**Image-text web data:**
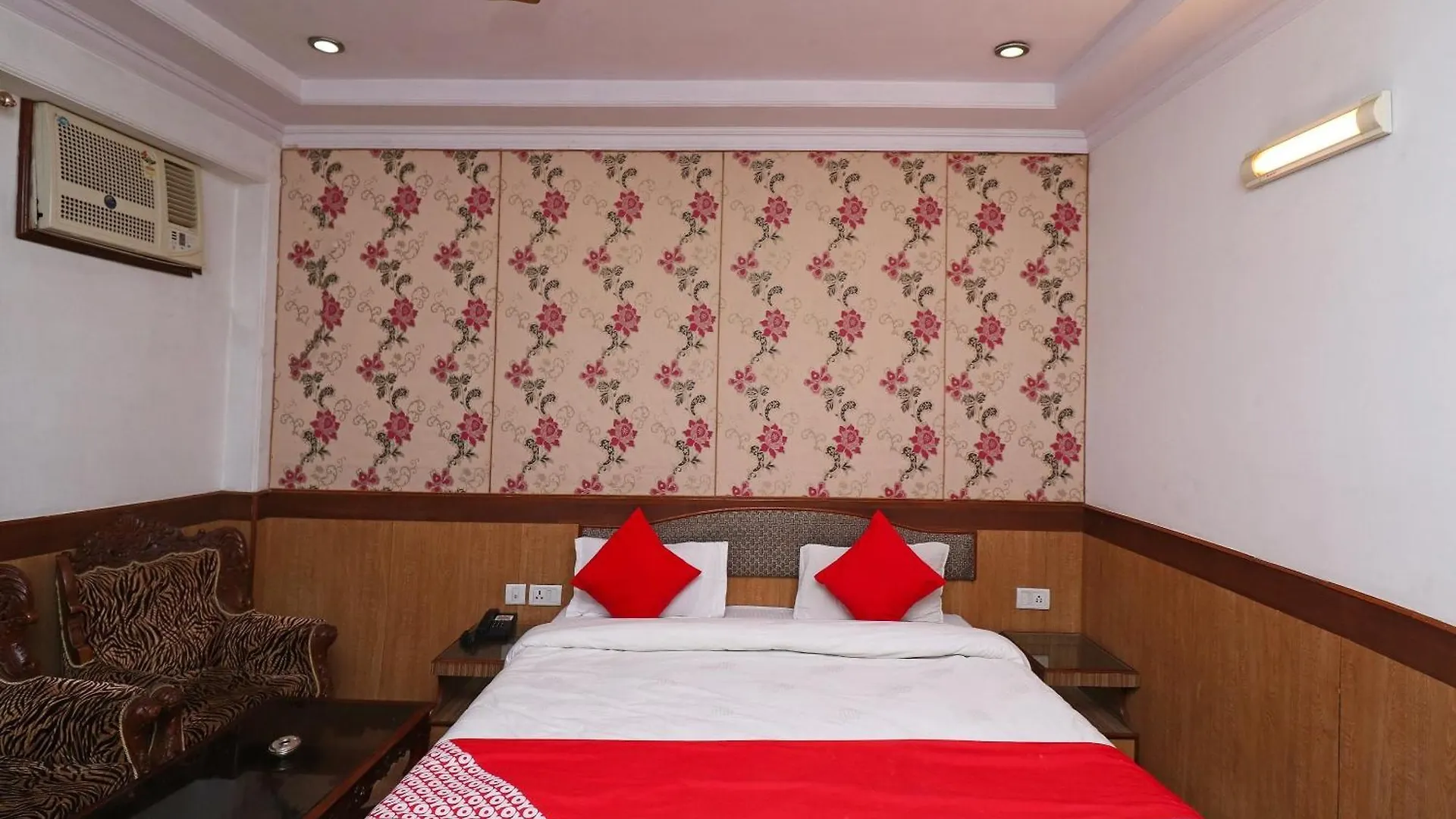 Oyo Hotel Solitaire & Restaurant Agra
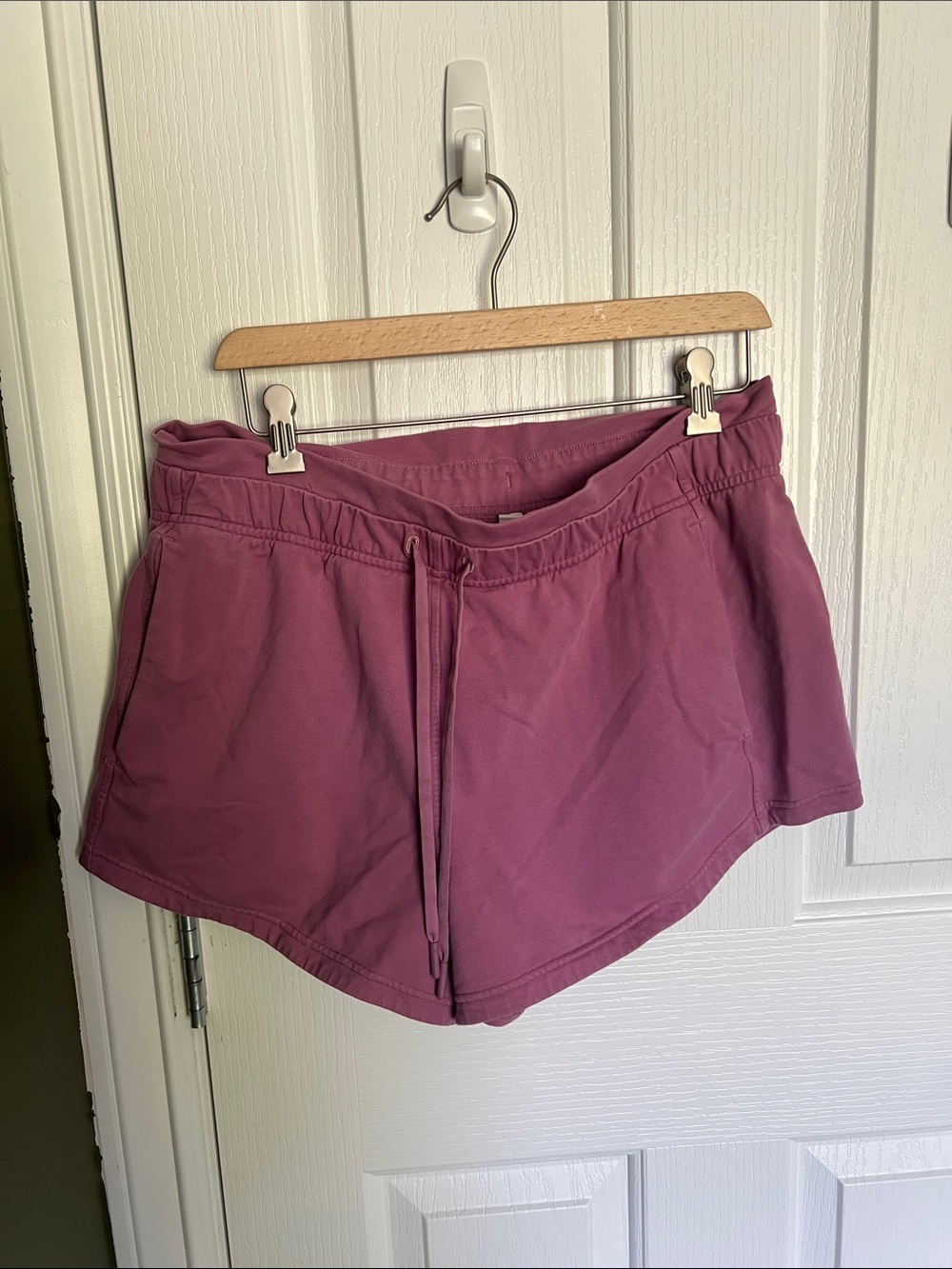 Lululemon - Inner Glow short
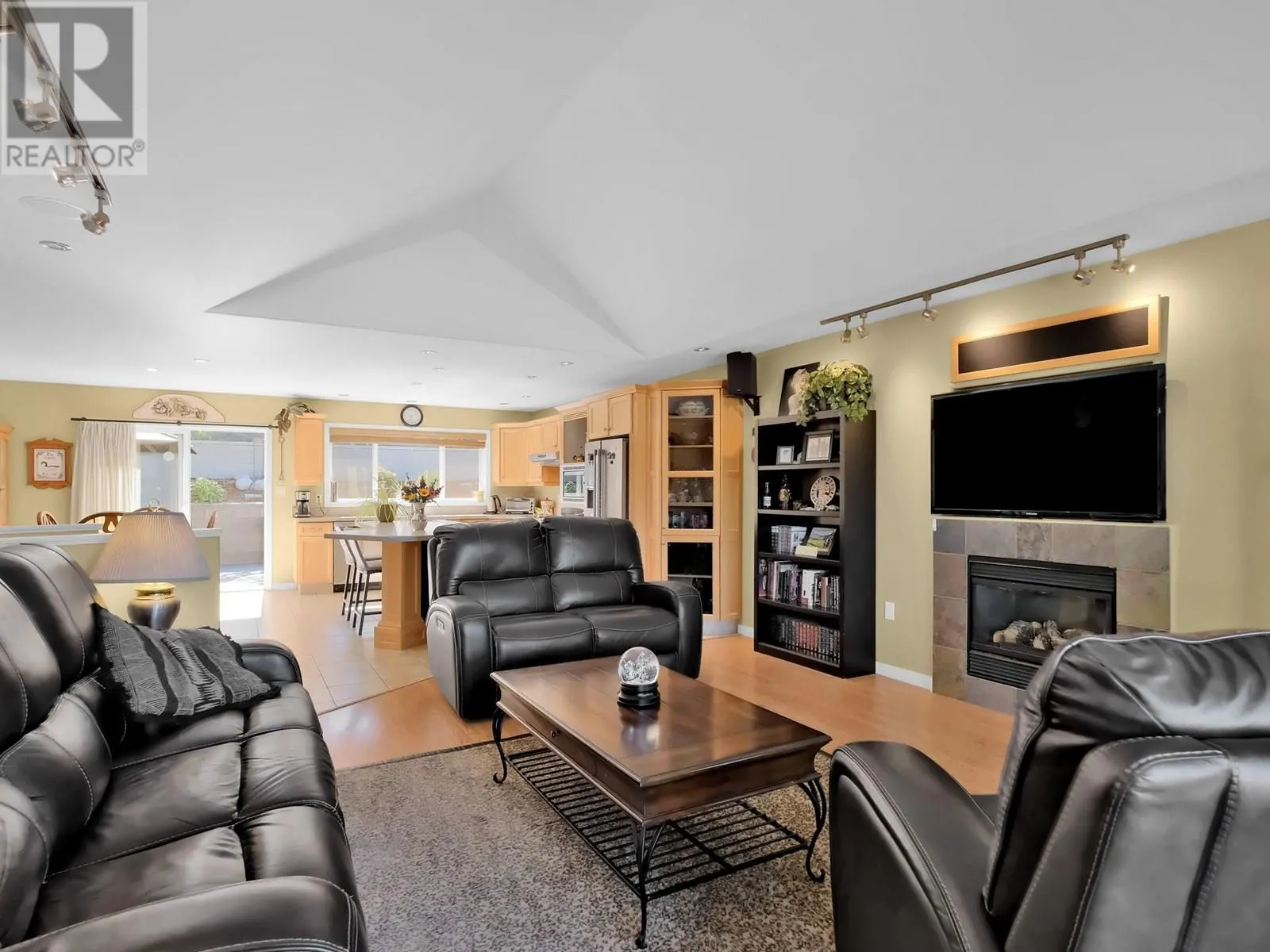 695 Pineview Road Unit# 102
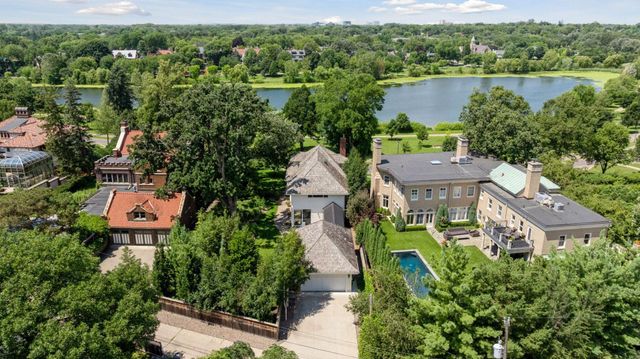 2225 E Lake Of The Isles Parkway, Minneapolis, MN 55405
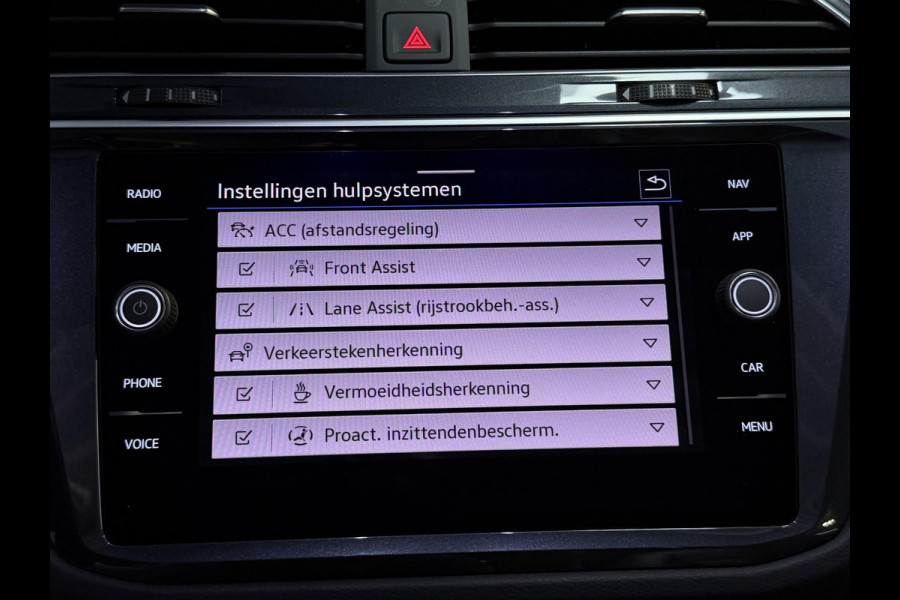 Volkswagen Tiguan 2.0 TSI 4Motion R-Line Black Style 20"/VOL Leder + memory/Harman Kardon/Panoramadak/360 camera/Elektrische klep/Stuur + stoelverwarming v+a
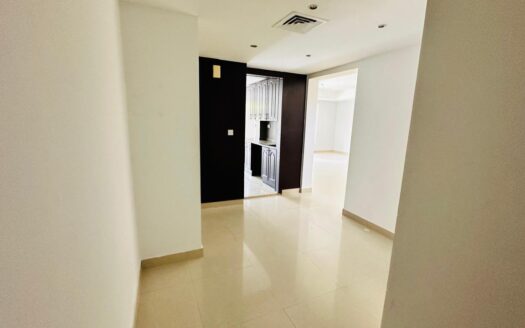 Upgraded Spacious Villa at the Springs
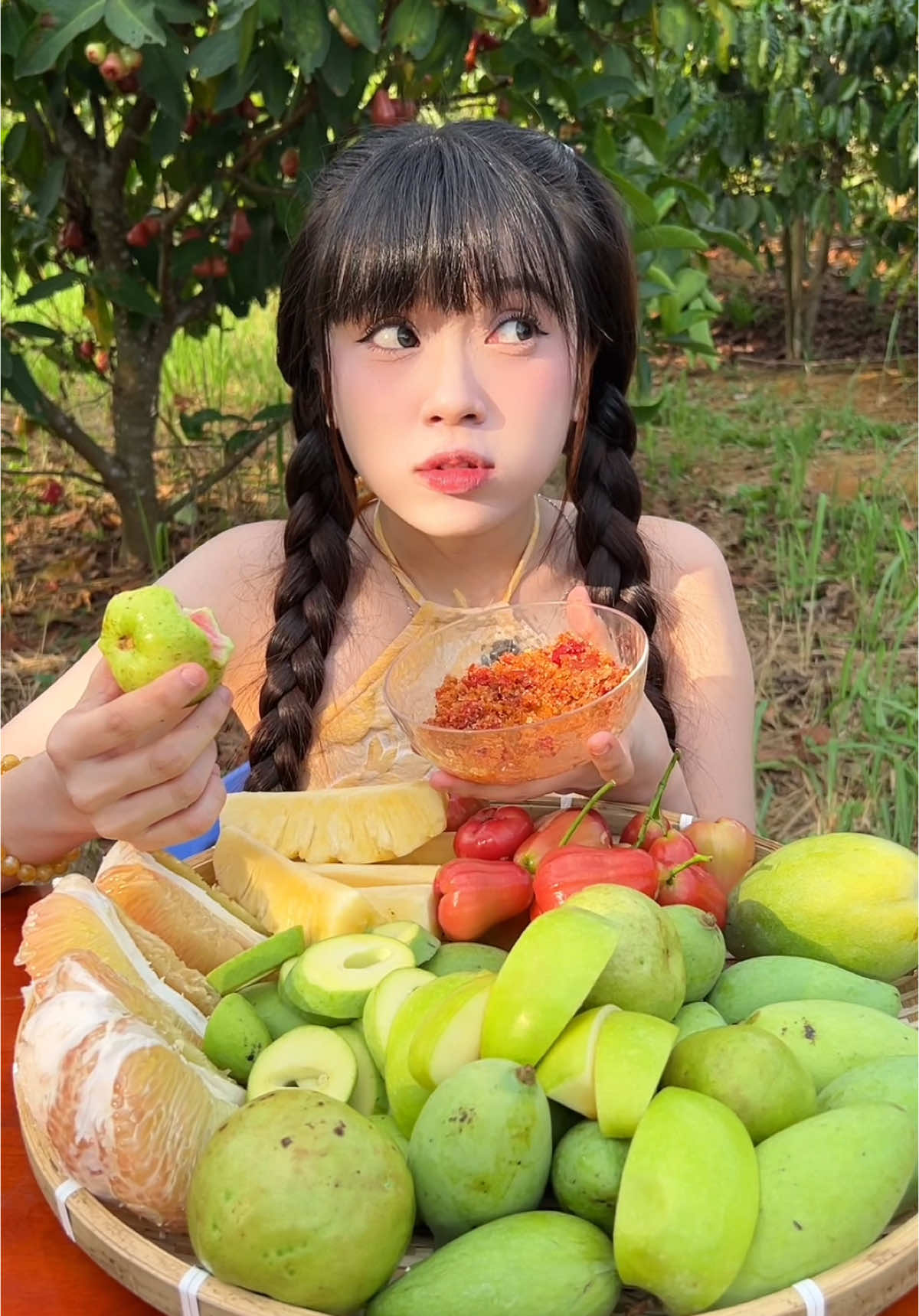 Mukbang trái cây chấm muối 😋#võ_thuỳ_duyên #trend #mukbang #xuhuong #mcv 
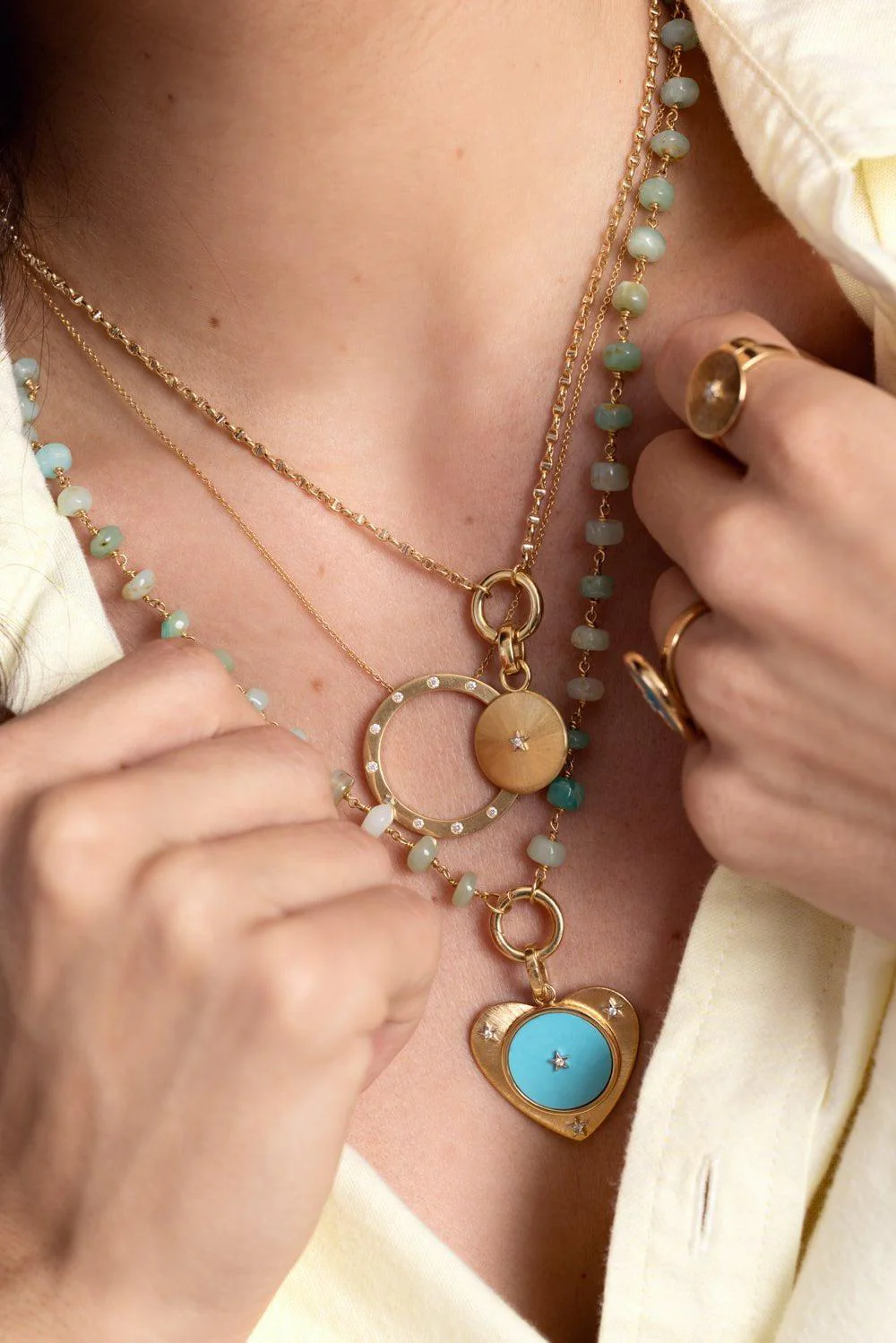 Ora Circle Pendant Necklace - Image 5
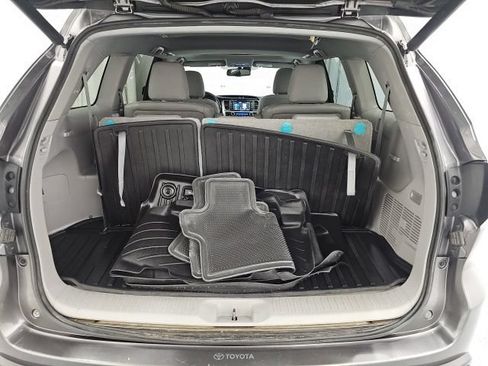 Used 2015 Toyota Highlander Limited w/ Driver Technology Package AWD/4WD image 35
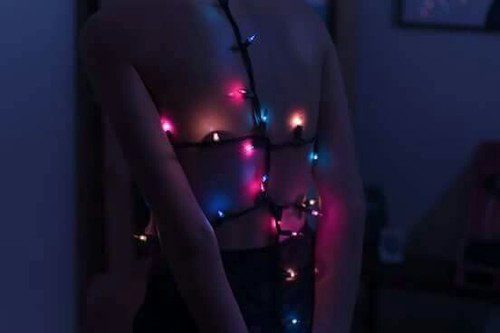 yourlittlestarlight:                                    I really can’t wait for Christmas. <3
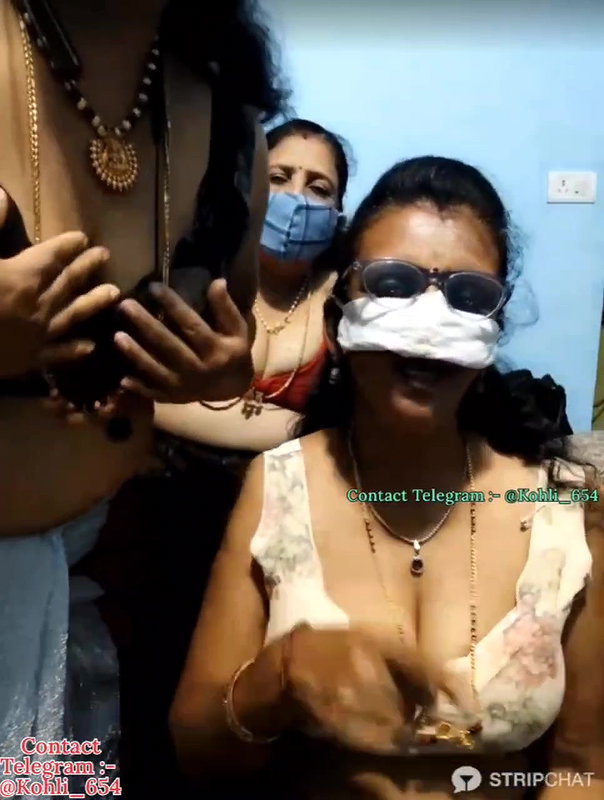 Kannadasexywifes Lesbians 3some show southGB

**WHAT YOU ARE ASKED TO DO:** Full transcription without images: please go through the records and repeat them exactly.

**OUTPUT BELOW:**
 Oyo Hotel Solitaire & Restaurant Agra
 Lululemon - Inner Glow short
 695 Pineview Road Unit# 102
 2225 E Lake Of The Isles Parkway, Minneapolis, MN 55405
 Volkswagen Tiguan 2.0 TSI 4Motion R-Line Black Style 20"/VOL Leder + memory/Harman Kardon/Panoramadak/360 camera/Elektrische klep/Stuur + stoelverwarming v+a
 Upgraded Spacious Villa at the Springs
 Mukbang trái cây chấm muối 😋#võ_thuỳ_duyên #trend #mukbang #xuhuong #mcv 
 Ora Circle Pendant Necklace - Image 5
 Used 2015 Toyota Highlander Limited w/ Driver Technology Package AWD/4WD image 35
 yourlittlestarlight:                                    I really can’t wait for Christmas. <3
 Kannadasexywifes Lesbians 3some show southGB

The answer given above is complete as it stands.